Pugliese müzik hayatı boyunca tangonun emekçi sınıfların müziği olması için uğraşmıştır. Bugün Pugliese çalınmadan geçen tek bir milonga yoktur, onlarca bestesini belki daha sonra kurulan tüm orkestralar seslendirmiştir. Yine de kendisini “ben mütevazi bir halk müziği emekçisiyim” diye tanımlar. 

80’lerde Küba’yı yine ziyaret eder. Küba’nın en prestijli sanat ödüllerinden Alejo Carpentier madalyasını alır. 86 yaşında Küba ile ilgili övgü dolu sözleri olması üzerine edilen “sen otur La Yumba’nı çal” laflarına karşılığını şöyle verir: “Bir müzisyen olmamın yanında, ve hatta onun üzerinde, bir yurttaşım. Düşünceleri olan, ve onlara hapislere, suçlamalara, ayrımcılığa rağmen sahip çıkmış bir yurttaşım. Bir komünistim, zorluklara ve yenilgilere boyun eğmeyenlerdenim.” 

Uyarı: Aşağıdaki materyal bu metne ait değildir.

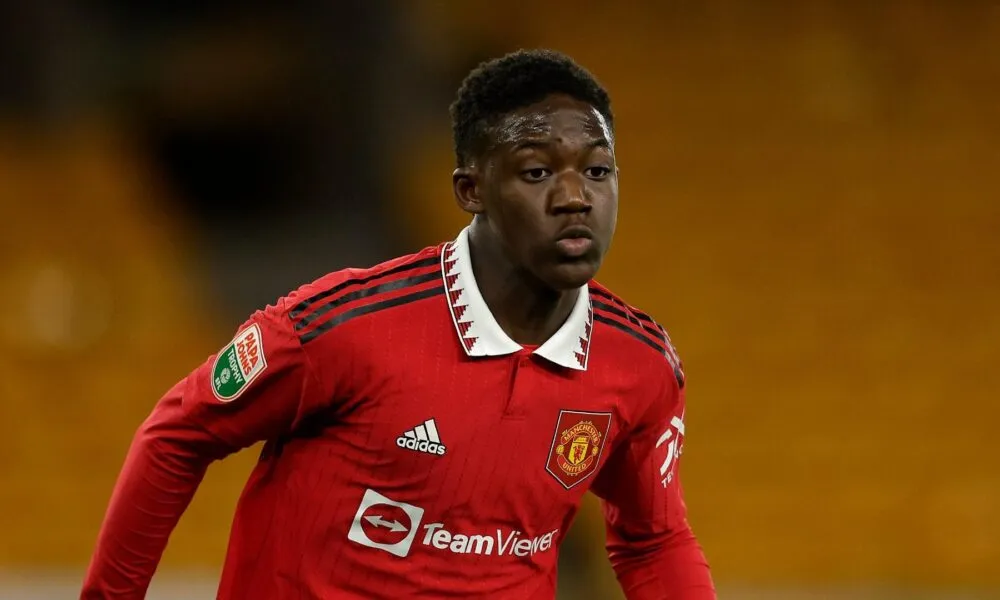 Formasi Resmi Man Utd vs Man City: Mainoo Jadi Starter - sumber: (footballtalk)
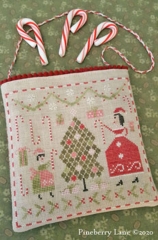 MERRY & BRIGHT CROSS STITCH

Pugliese’nin bugüne bıraktığı miras yalnızca Arjantin’e ait değil, evrensel sayılmalı. 

Yoksulluğu “gerçekleri daha yakından tanımayı sağlayan bir güç”7 olarak gören Arjantinli ozan Evaristo Carriego’ya adanmış bir bestenin onun orkestrası tarafından seslendirilişi ile bitirelim. 

Ve son bir söz söyleyelim: Tango tutkudur denir. Doğrudur, tutku olmadan yapılmaz. Ama tango dostluktur da… Ve bir dostumuz aramızda yok. Şimdi yokluğunda, hoş biz de dans edemez olduk bu tuhaf zamanlarda ama, bir karanfil bekliyor onu. Çıktığında o karanfili eline alıp, dansına kaldığı yerden devam edebilmesi için...

Bir gün mutlaka yeniden dans edecek. O ve hepimiz, bir gün mutlaka yeniden dans edeceğiz.